The University of Chicago

School of Social Service Administration Magazine

When Life Isn't Stable

There is no one picture of poverty. To have an annual income of, say, $22,000 for a family of three, a parent can hold a low-paying job steadily for a year. That same total, though, could be the result of a life-changing shock, like a divorce, or of a three-month period of unemployment after a job loss. Or it could be because a working parent holds a handful of part-time jobs scattered throughout the year. “Most surveys and studies would treat these different patterns as the same experience for families and children,” says SSA Assistant Professor Heather D. Hill. “But we know from prior studies that income can fluctuate a lot within a given year, particularly for low-income families. The question is whether those fluctuations have implications beyond the consequences of having low income.”

Hill’s research has included the impact of parental employment instability, but she now is working on a less-studied topic: How does income instability affect the well-being of children in the family? The first step was a paper that framed the conceptual framework in Child Development Perspectives, written in conjunction with Pamela Morris, a professor of applied psychology at New York University, and Lisa Gennetian, an economist with the National Bureau of Economic Research. The team is now working on several empirical papers using a nationally representative survey of income and program participation.

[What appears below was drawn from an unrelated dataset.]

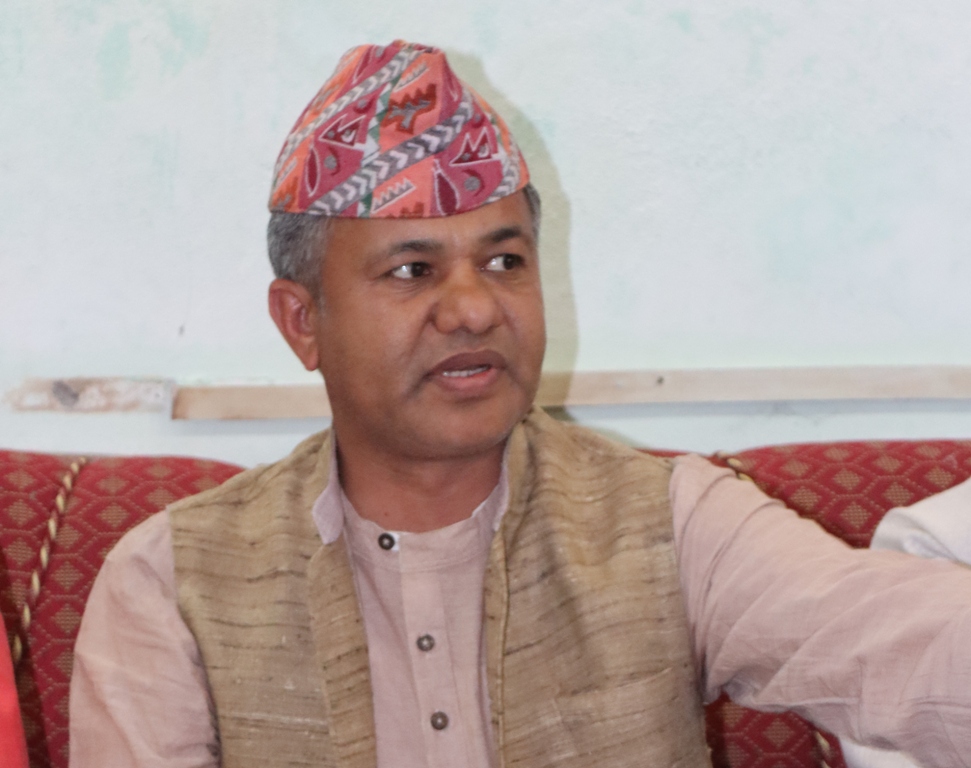 कांग्रेसले कारबाही गरेपछि मल्लले त्यागे सांसद पद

Although the work is ongoing, preliminary results show that income instability has increased since the 1970s, and that such instability is more than twice as common in low-income families than for wealthy ones. Greater family income instability for low-income families is associated with higher likelihood that adolescents will be suspended or expelled from school and lower likelihood that they will report being engaged with being in high school.

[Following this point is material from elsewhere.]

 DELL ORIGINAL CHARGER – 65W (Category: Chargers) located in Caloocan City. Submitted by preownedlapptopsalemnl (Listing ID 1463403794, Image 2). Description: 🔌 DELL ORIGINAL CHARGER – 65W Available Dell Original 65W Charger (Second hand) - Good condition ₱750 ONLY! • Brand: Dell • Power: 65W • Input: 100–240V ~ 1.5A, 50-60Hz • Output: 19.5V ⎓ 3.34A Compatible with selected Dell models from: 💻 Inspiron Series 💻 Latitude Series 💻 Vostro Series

On November 15, 2013, EINet is hosting a research forum on Employment Instability and the Safety Net at the Gleacher Center in downtown Chicago to look at the capacity of safety net programs to protect families from employment instability and examine research on the issue. With speakers from a wide variety of institutions and academic disciplines, the event will be an opportunity to discuss the topics from the EINet cross-disciplinary perspective. “The safety net has long focused on providing for basic needs and encouraging employment,” Hill says. “But whether it helps buffer low-income families against the instability of low-wage work is not well understood. This conference is a step toward learning more about how employment instability affects participation in TANF, the EITC and other safety net programs.”